Source data:
=== Section Start ===
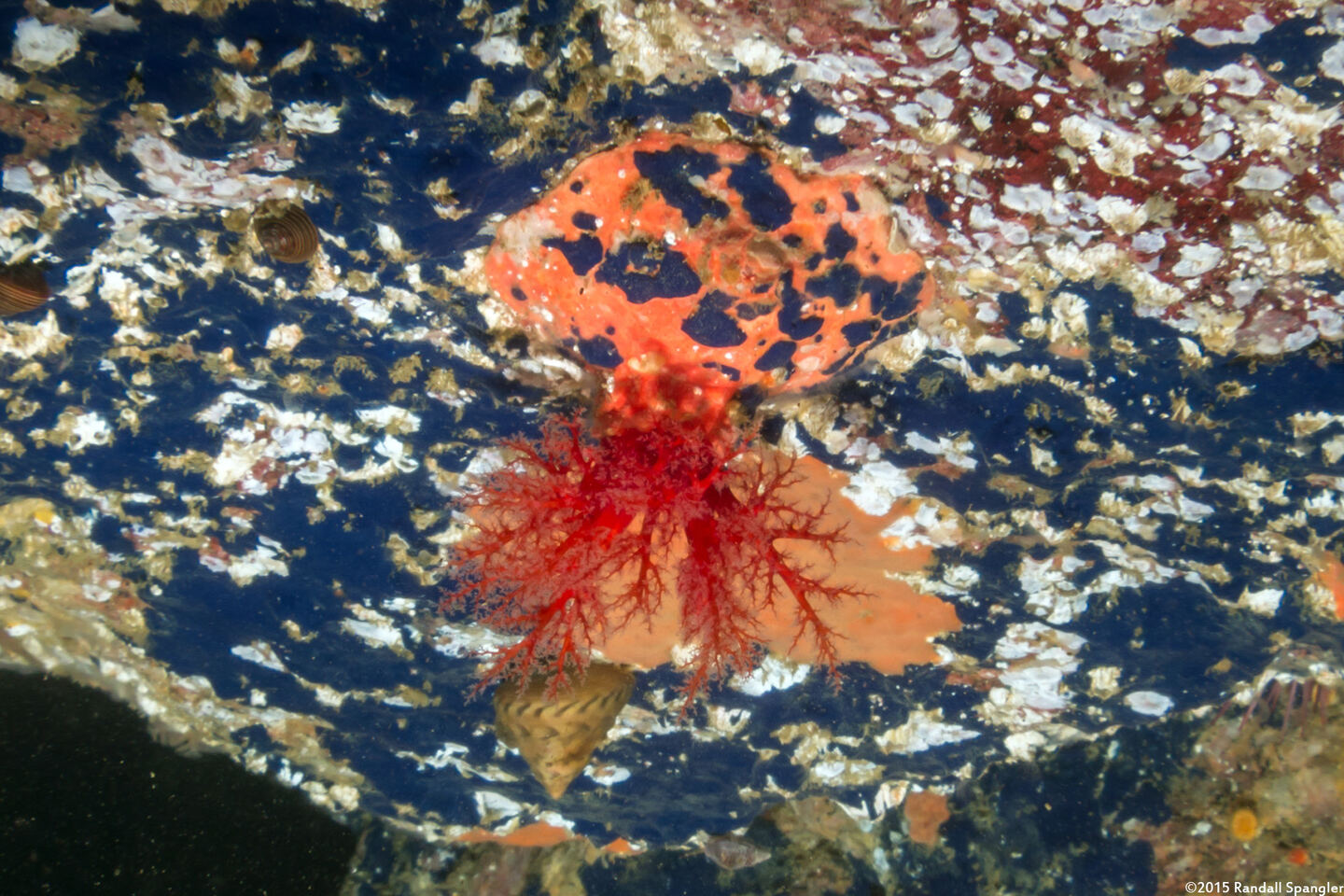 Psolus chitonoides (Slipper Sea Cucumber)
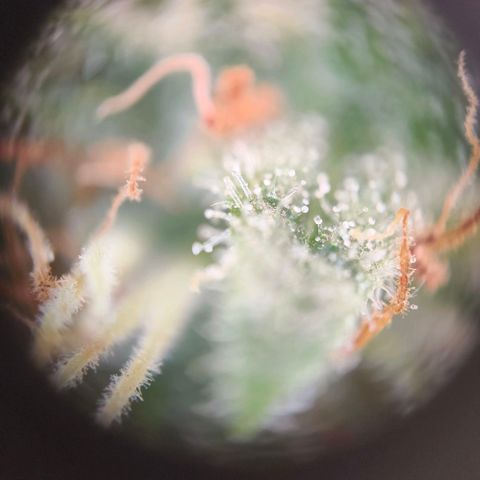 Skunk #1 #3 growlog timeline photo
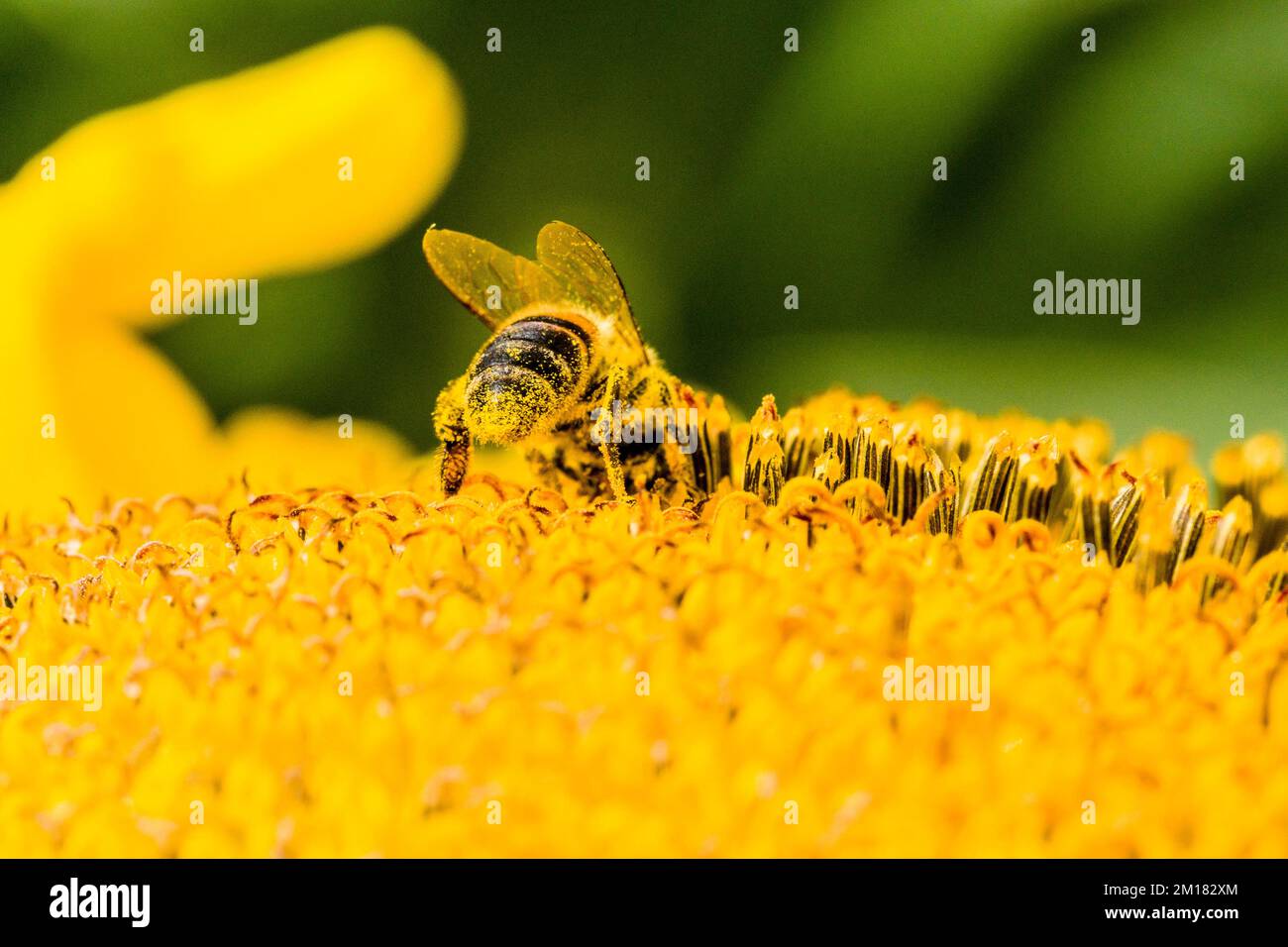 A Carniolan honey bee (Apis mellifera carnica) is collecting nectar at a common sunflower (Helianthus annuus) blossom Stock Photo
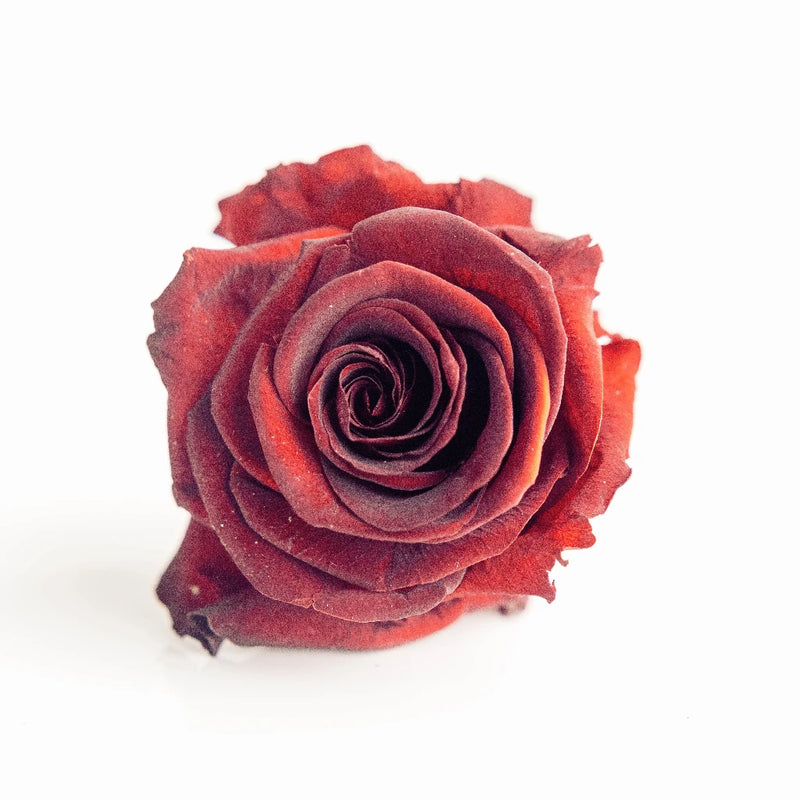 Preserved Aurora Red Close Up - Image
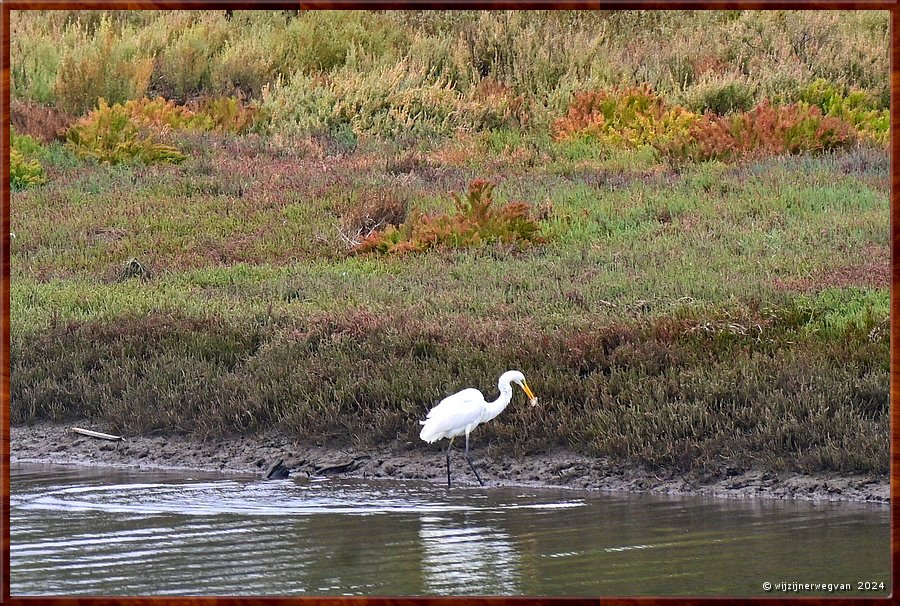 

Noarlunga Downs
Onkaparinga River 
Wetland Trail
Grote Zilverreiger heeft baat  -  7/50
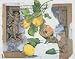 Allerlei Art Print Poster By Leonore Zimmermann, 28 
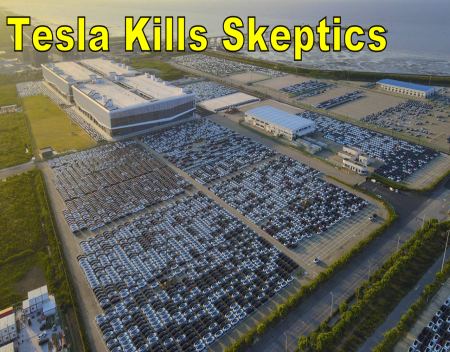 Tesla Kills Skeptics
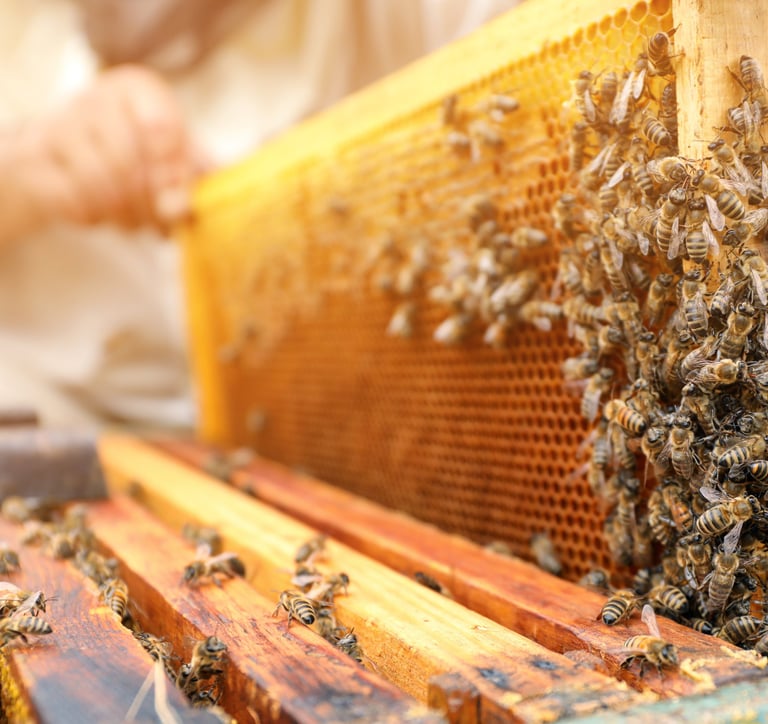 beekeeper removing a frame of comb and bees from a hive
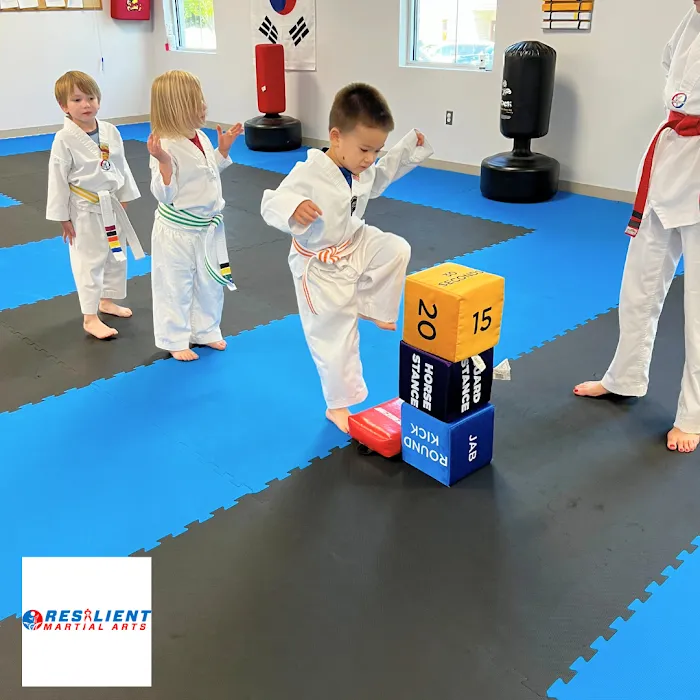 Resilient Martial Arts Picture 7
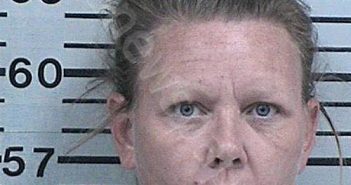 HANSON, MICHELE LYNN | 2022-06-23 21:12:22 Hood County, Texas Booking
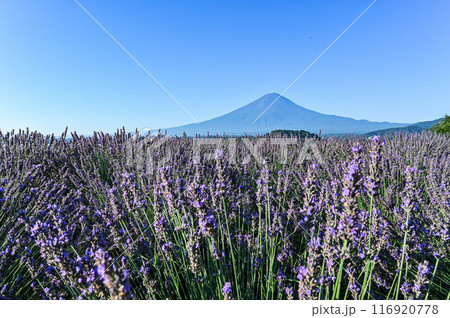 河口湖とラベンダー畑と富士山 116920778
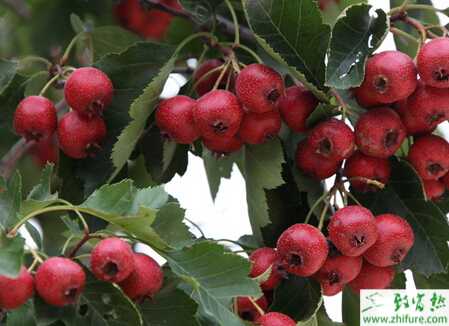 種山楂種子的處理方法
=== Section End ===
#### WHAT THE TASK ASKS:
Return only the lines running from the start of the entries above to the line that contains "Tesla Kills Skeptics", inclusive, and omit every picture.

#### SOLUTION:
 Psolus chitonoides (Slipper Sea Cucumber)
 Skunk #1 #3 growlog timeline photo
 A Carniolan honey bee (Apis mellifera carnica) is collecting nectar at a common sunflower (Helianthus annuus) blossom Stock Photo
 Preserved Aurora Red Close Up - Image

Noarlunga Downs
Onkaparinga River 
Wetland Trail
Grote Zilverreiger heeft baat  -  7/50
 Allerlei Art Print Poster By Leonore Zimmermann, 28 
 Tesla Kills Skeptics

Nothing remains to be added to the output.